| Data records |

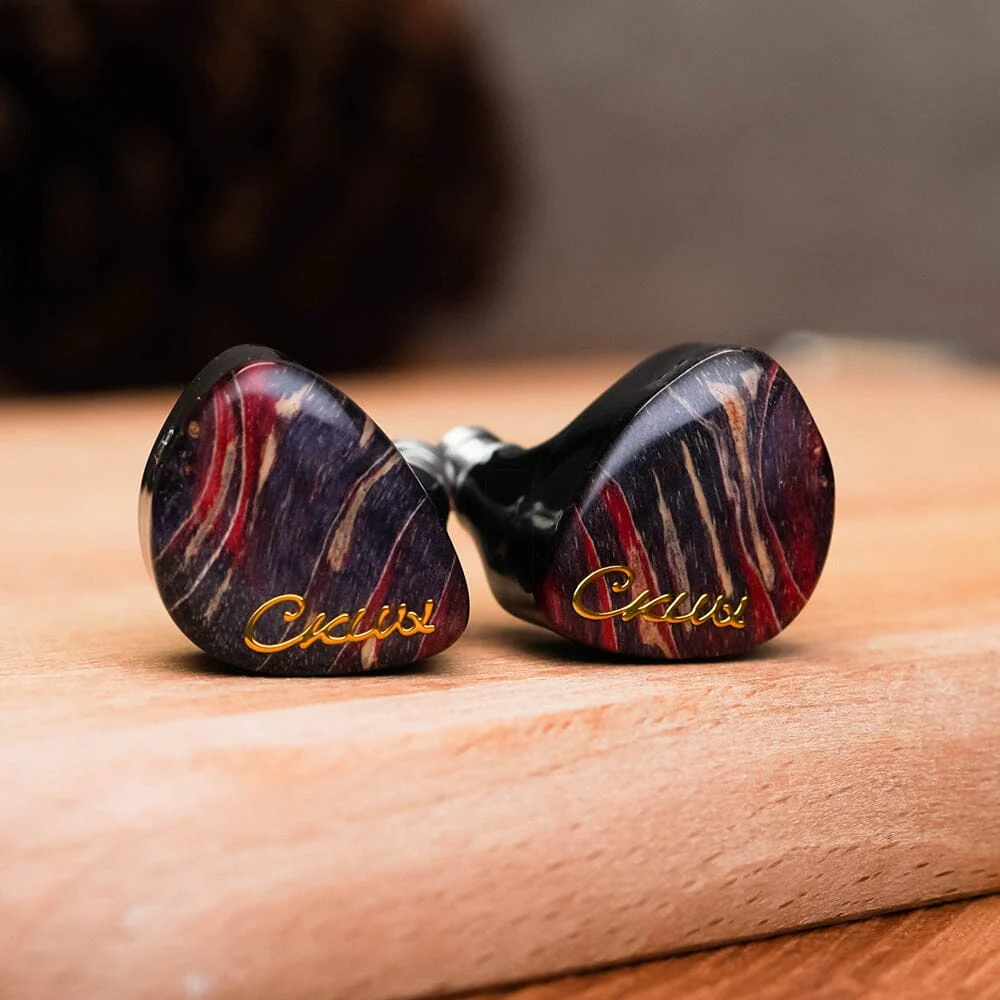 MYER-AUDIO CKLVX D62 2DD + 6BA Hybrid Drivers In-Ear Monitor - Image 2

* * *

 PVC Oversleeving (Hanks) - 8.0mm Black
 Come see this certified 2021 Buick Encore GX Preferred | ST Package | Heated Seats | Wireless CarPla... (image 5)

| Task |
Return only the stretch of the material above from the line holding "PVC Oversleeving (Hanks) - 8.0mm Black" through the line holding "Come see this", copied exactly.

| Solution to this exercise |
 PVC Oversleeving (Hanks) - 8.0mm Black
 Come see this certified 2021 Buick Encore GX Preferred | ST Package | Heated Seats | Wireless CarPla... (image 5)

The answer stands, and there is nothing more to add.